We are required to load 3 files: HTML, XLS, and JSON.
File #1 - HTML
We will read an HTML file from github
URL <- "https://raw.githubusercontent.com/mgroysman/Data-607-Upload-Assignment-Week-7/master/Books.html"
destfile <- "C://Data/temp.html"
download.file(URL, destfile)
#install.packages("XML")
library(XML)
html_data<-readHTMLTable(destfile)
html_data
## $`NULL`
## Title
## 1 The Language of SQl
## 2 SQL Queries for Mere Mortals
## 3 Sam Teach Yourself. Microsoft SQL Server T-SQL in 10 Minutes
## Author1 Author2 Publisher
## 1 Larry Rockoff Course Technology PTR
## 2 Michael J. Hernandez John L. Viescas Addison-Wesley
## 3 Ben Forta Pearson Education
## CountryPrinted
## 1 United States of America
## 2 United States of America
## 3 United States of America
typeof(html_data)
## [1] "list"
File #2 - XML
We will read a XML file from github
URL <- "https://raw.githubusercontent.com/mgroysman/Data-607-Upload-Assignment-Week-7/master/Books.xml"
destfile <- "C://Data/temp.xml"
download.file(URL, destfile)
#install.packages("plyr")
library(plyr)
xml_data<- ldply(xmlToList(destfile), data.frame)
xml_data
## .id Title
## 1 Books The Language of SQl
## 2 Books SQL Queries for Mere Mortals
## 3 Books Sam Teach Yourself. Microsoft SQL Server T-SQL in 10 Minutes
## Author1 Author2 Publisher
## 1 Larry Rockoff Course Technology PTR
## 2 Michael J. Hernandez John L. Viescas Addison-Wesley
## 3 Ben Forta Pearson Education, Inc.
## CountryPrinted .attrs
## 1 United States of America 1
## 2 United States of America 2
## 3 United States of America 3
File #3 - JSON
We will read a Json file from github
URL <- "https://raw.githubusercontent.com/mgroysman/Data-607-Upload-Assignment-Week-7/master/Books.json"
destfile <- "C://Data/temp.json"
download.file(URL, destfile)
#install.packages("RJSONIO")
library("RJSONIO")
isValidJSON(destfile)
## [1] TRUE
json_data<- fromJSON(destfile,nullValue=NA,simplify=FALSE)

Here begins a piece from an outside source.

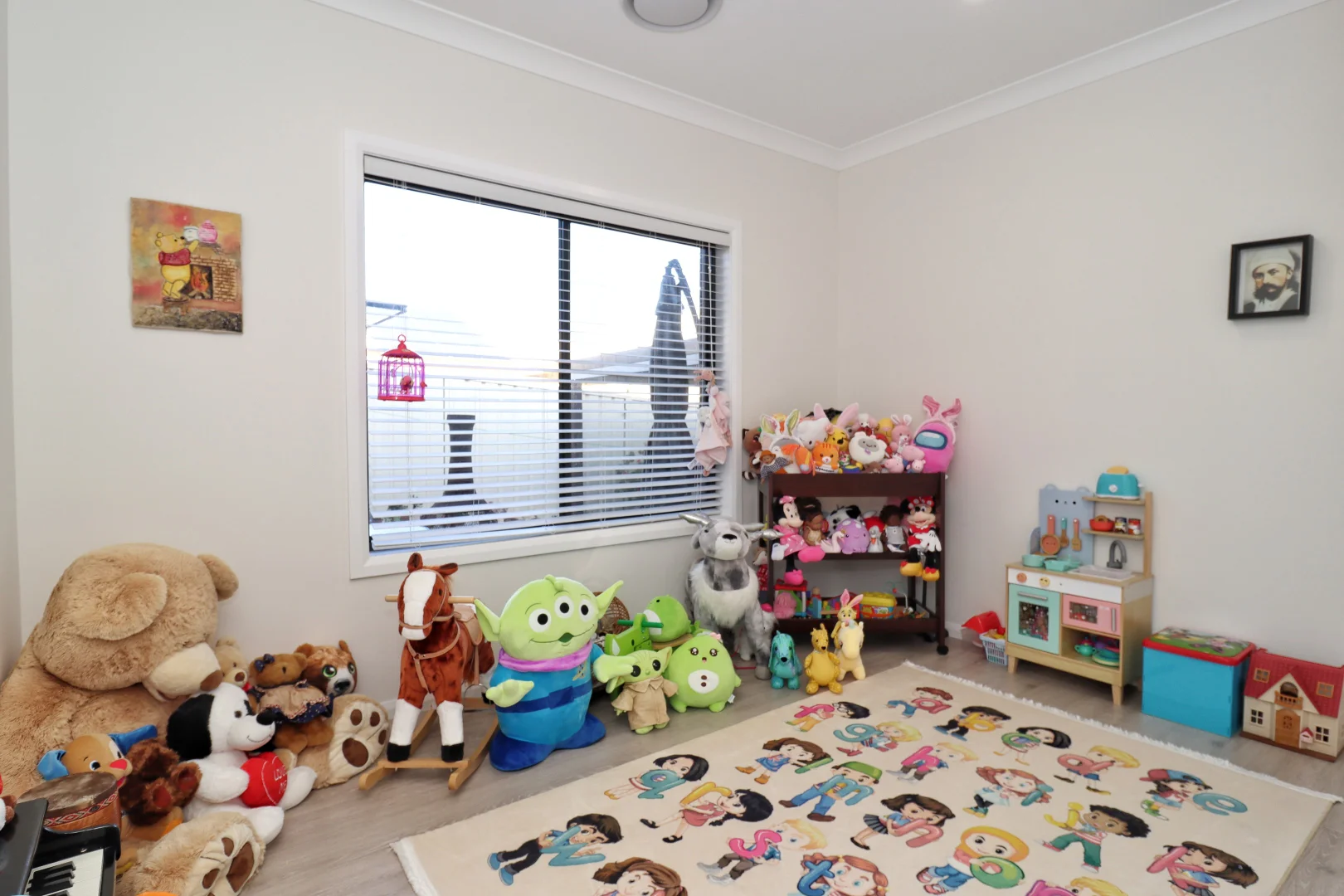 Additional image 18 of 10 Hermitage Street, Cowra NSW 2794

json_data1<-do.call("rbind",lapply(json_data,data.frame,stringsAsFactors=FALSE))
json_data1
## Title
## 1 The Language of SQl
## 2 SQL Queries for Mere Mortals
## 3 Sam Teach Yourself. Microsoft SQL Server T-SQL in 10 Minutes
## Author1 Author2 Publisher
## 1 Larry Rockoff Course Technology PTR
## 2 Michael J. Hernandez John L. Viescas Addison-Wesley
## 3 Ben Forta Pearson Education
## PrintCountry
## 1 United States of America
## 2 United States of America
## 3 United States of America
All 3 dataframes captured the data. I personally prefer JSON dataframe. I do not have to deal with factors and it does not have additional attributes as XML one.